Amylene is obtained by distilling amylic alcohol with chloride of zinc. It is a colorless, very mobile liquid, with a boiling point of 102°, and the density of its vapor 2.45. It has a very peculiar and disagreeable smell.

Medical Properties And Physiological Action

Amylene was introduced as an anaesthetic in 1856, by the late Dr. Snow, who regarded it as possessing the following advantages: the safety of ether, absence of pungency and irritating property, readiness with which the absense of pain is obtained, with less coma than with chloroform or ether, the speedy recovery from its effects, less nauseating, and less headache and rigidity and struggling than in the case of ether or chloroform. Others, however, have not been so much impressed with this anaesthetic agent as was Dr. Snow; hence, it has not been regarded with the same favor as other agents of this class. An extreme quantity being required to produce complete insensibility to pain, its operation is considered to be dangerous.

Therapeutic Use

As an anaesthetic.

Hydrate of Amylene is a tertiary alcohol first prepared by Wurtz. It is a colorless, watery-looking fluid, with a sharp taste and smell, and is soluble in eight times its volume of alcohol. It is generally regarded as a safe and reliable narcotic and hypnotic, sleep being produced in from fifteen to forty-five minutes, and sometimes almost instantly. When large doses are given, sleep may be induced in five or eight minutes, and as a rule its actions are prompt and safe. Contraindications of the drug have not yet been observed, but in cases of severe gastric troubles and ulcerations of the pharynx, it should be given per anus. Its action may be briefly summed up as follows:

1. Hydrate of amylene is a hypnotic whose action can be confidently relied upon when sufficiently large doses are given. Experiments have shown that it is not so strong as chloral, yet stronger than paraldehyde.

2. Hydrate of amylene also acts upon persons who are accustomed to the use of hypnotics, although the dose employed in such cases must be comparatively large.
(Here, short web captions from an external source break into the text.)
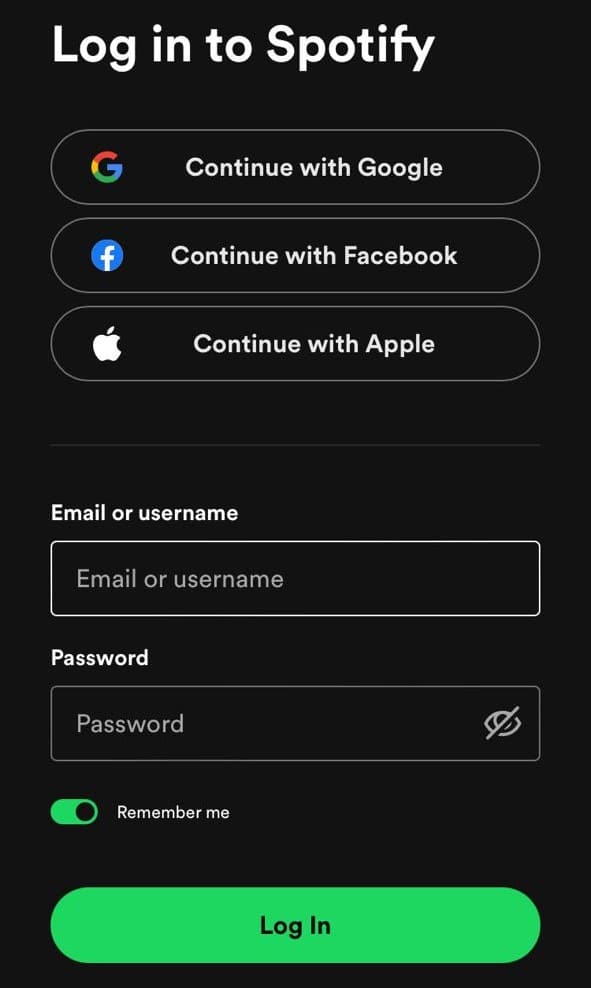 Login with Spotify account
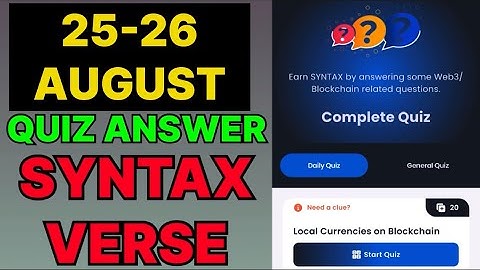 Syntax Verse quiz answers today | 25 August Syntax Verse quiz answer | Syntax Verse quiz today |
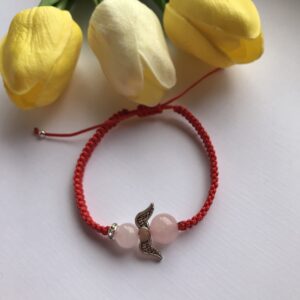 Rózsakvarc angyalos védelmező karkötő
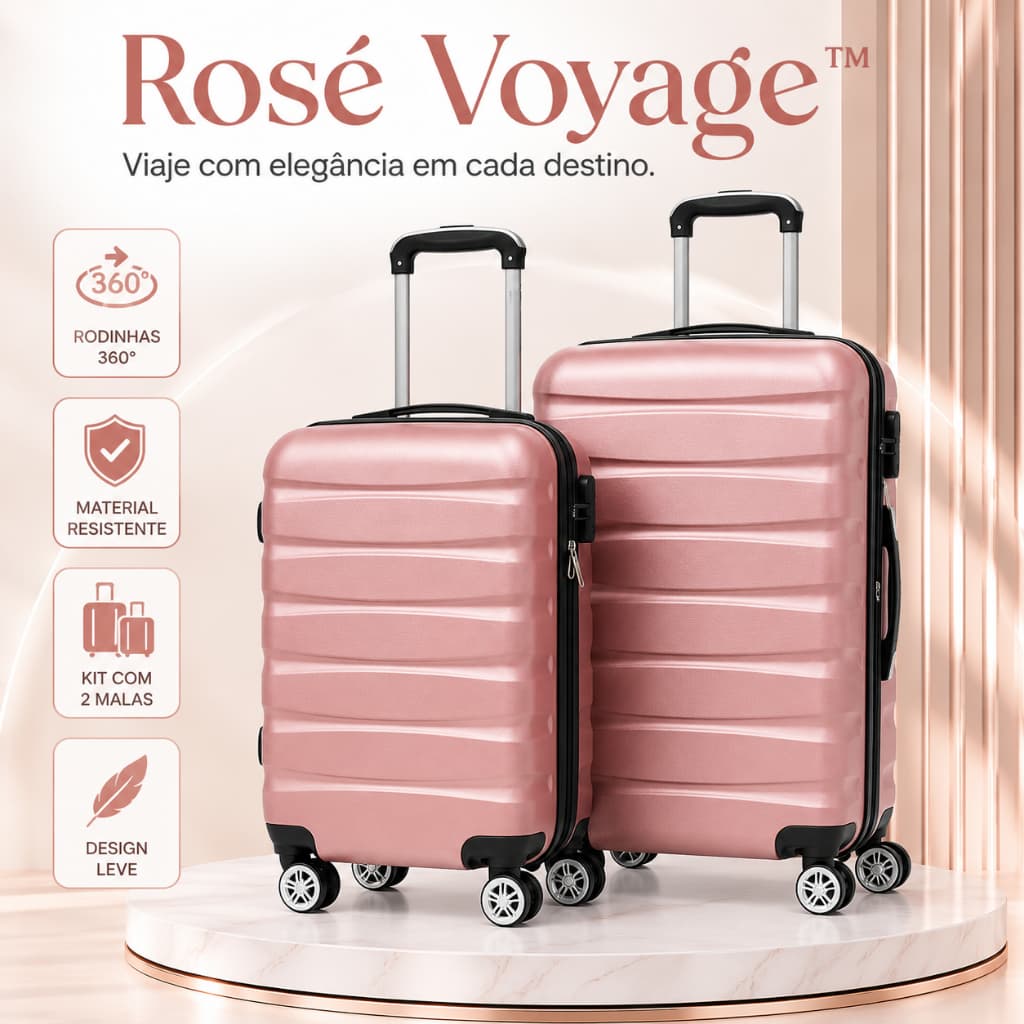 Kit 2 Malas de Viagem Rosa 18 e 20 Polegadas Rodinhas 360° Leve Resistente Mala de Bordo Rosé Voyage™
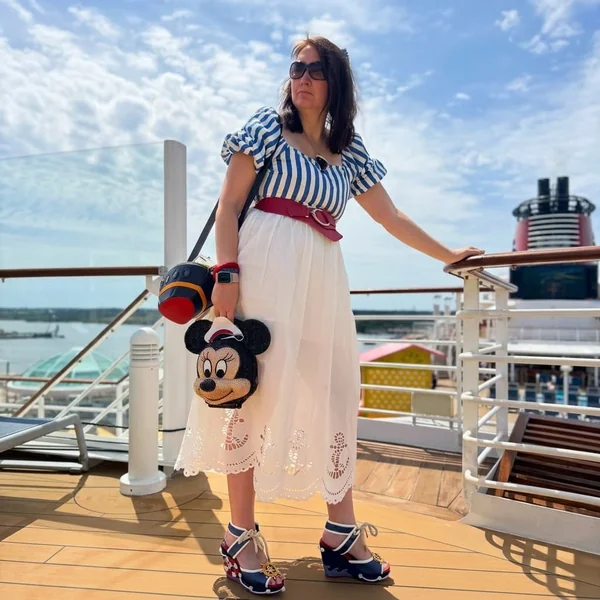 Striped Puff-Sleeve Anchor Eyelet Midi Dress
3. Sleep occurs soon after the administration of the drug, and is not preceded by any period of excitement. The sleep produced is light or heavy, according to the dose given ; yet it is always easy to awaken the patient. Upon waking, the patient is perfectly sensible and bright, but if not disturbed further will fall asleep again.

4. Sleep lasts from two to three hours if small doses have been given, or from six to eight hours under the influence of larger doses.
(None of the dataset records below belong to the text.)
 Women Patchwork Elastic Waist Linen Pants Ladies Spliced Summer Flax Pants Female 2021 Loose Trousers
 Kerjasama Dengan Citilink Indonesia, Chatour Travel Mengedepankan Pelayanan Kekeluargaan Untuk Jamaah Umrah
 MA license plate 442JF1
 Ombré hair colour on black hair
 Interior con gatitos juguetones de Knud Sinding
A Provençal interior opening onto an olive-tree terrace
5. The awaking is similar to that from natural sleep. The patient feels rested and strengthened. No headache or weakness was ever observed.

6. The respiration remains unchanged.

7. The change in the pulse's frequency and in the pressure of blood is no more than that which accompanies natural sleep.
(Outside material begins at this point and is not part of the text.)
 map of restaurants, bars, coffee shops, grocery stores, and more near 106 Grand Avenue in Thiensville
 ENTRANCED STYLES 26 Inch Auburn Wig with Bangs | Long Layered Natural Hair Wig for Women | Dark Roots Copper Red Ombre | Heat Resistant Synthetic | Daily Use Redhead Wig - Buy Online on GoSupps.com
8. The patients were never observed to wake up with a bad taste in their mouths and complaining of a disagreeable smell, symptoms which nearly always follow the use of paraldehyde.

9. Whether or not a habit and tolerance for the drug may be formed remains yet to be seen. As yet, even when the dose has been used continually, an increase of dose was never found necessary.


Of hydrate of amylene, grs. xii to grs. xxxvii. It may be administered in gelatin capsules containing 15 1/2 grains each, or in the fluid form mixed with claret and water, or raspberry syrup.